Muppets Take Manhattan includes two very large events in the history of the Muppets. In yet another Miss Piggy fantasy sequence, we see the Muppets as babies for the first time. Miss Piggy, Kermit, Fozzie, Rowlf, Gonzo, and Scooter appear as babies during the song “I’m Gonna Always Love You.” The animated series, Muppet Babies debuted just two months after Muppets Take Manhattan hit theaters. The puppets and nursery are designed to match their cartoon counterparts, however Baby Animal and Baby Skeeter (Scooter’s twin sister developed for the series) are noticeably and disappointingly absent. Be sure to look out for the Big Bird doll that Rowlf operates on during the song.
In the finale of the film, Miss Piggy and Kermit finally get married! With guests from Sesame Street and The Muppet Show filling the pews, it was truly the wedding of the decade! It made the union between Princess Diana and Prince Charles seem like small potatoes by comparison. This wedding scene packed more controversy than the great Bert and Ernie scandalous rumors of the 2000s. Gonzo was going to play the minister in the Broadway musical within the movie, but Kermit is shocked to find a different actor (perhaps a real minister?) in this scene. This has sparked a 30 year old debate whether or not Miss Piggy and Kermit are really married. Regardless, watching this entire movie is worth this final musical number and scene. It is touching and fun. One of the most romantic scenes in cinema includes a frog and a pig!

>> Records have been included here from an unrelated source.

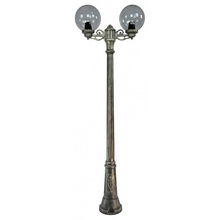Fumagalli GLOBE 250 G25.156.S20.BZE27 Фонарный столб 25x220 см, Италия - фото 1 - фото 1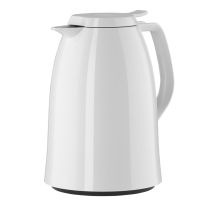 Emsa Mambo Caraffa Termica, Chiusura Quickpress, Bianco, 1000 Ml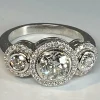 Bague de fiançailles, diamants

It would not be a Muppet movie without cameos. Art Carney, James Coco, Dabney Coleman, Gregory Hines, Linda Lavin, Elliott Gould, Liza Minnelli, Brooke Shields, John Landis, Vincent Sardi, and even New York City Mayor Ed Koch are peppered throughout the movie. Muppet-centric cameos include David Lazar, Marty Robinson, Heather Henson, Steve Whitmire, and several Sesame Street characters such as Big Bird, Bert, Ernie, and Cookie Monster just to name a few. Joan Rivers is at her best in a cameo working at a makeup counter with Miss Piggy. Frances Bergen, Edgar Bergen’s widow, makes a brief cameo as a secretary. If you ever need a factoid to share at a party, Martin Scorsese’s parents make an appearance as extras.

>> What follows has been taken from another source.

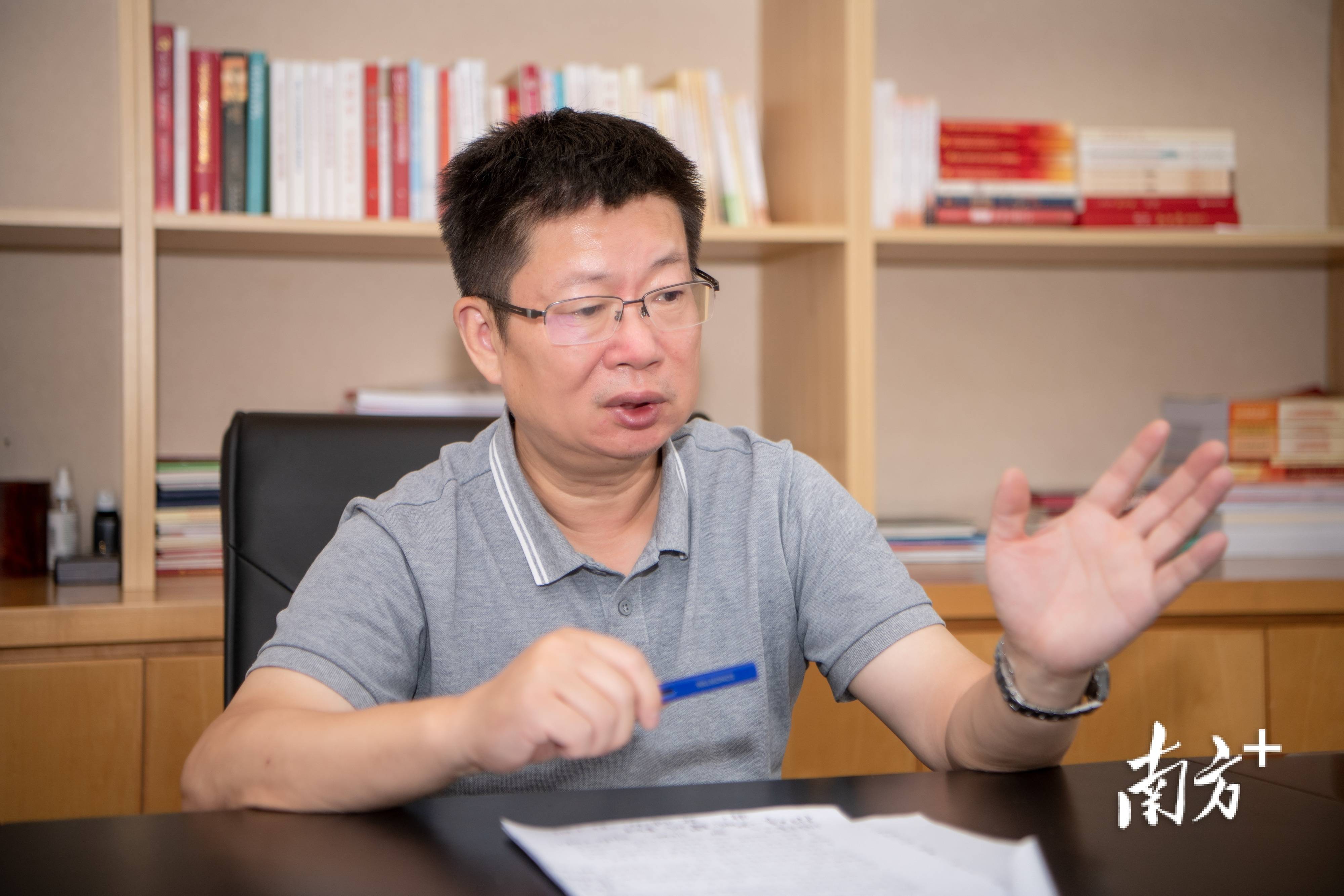 广州体育学院党委书记米银俊:"体育 "为高质量发展提供新动能_广东_办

As much as I love The Great Muppet Caper, Muppets Take Manhattan would have made a better direct follow up to the first film. Stylistically, they match up perfectly. The songs, the cameos, and the concept of Muppets hitting it big in showbiz are similar, but the formula works. Instead of seeming like a copy, it still seems fresh. Muppets Take Manhattan earned 5 out of 5 rubber chickens in my book!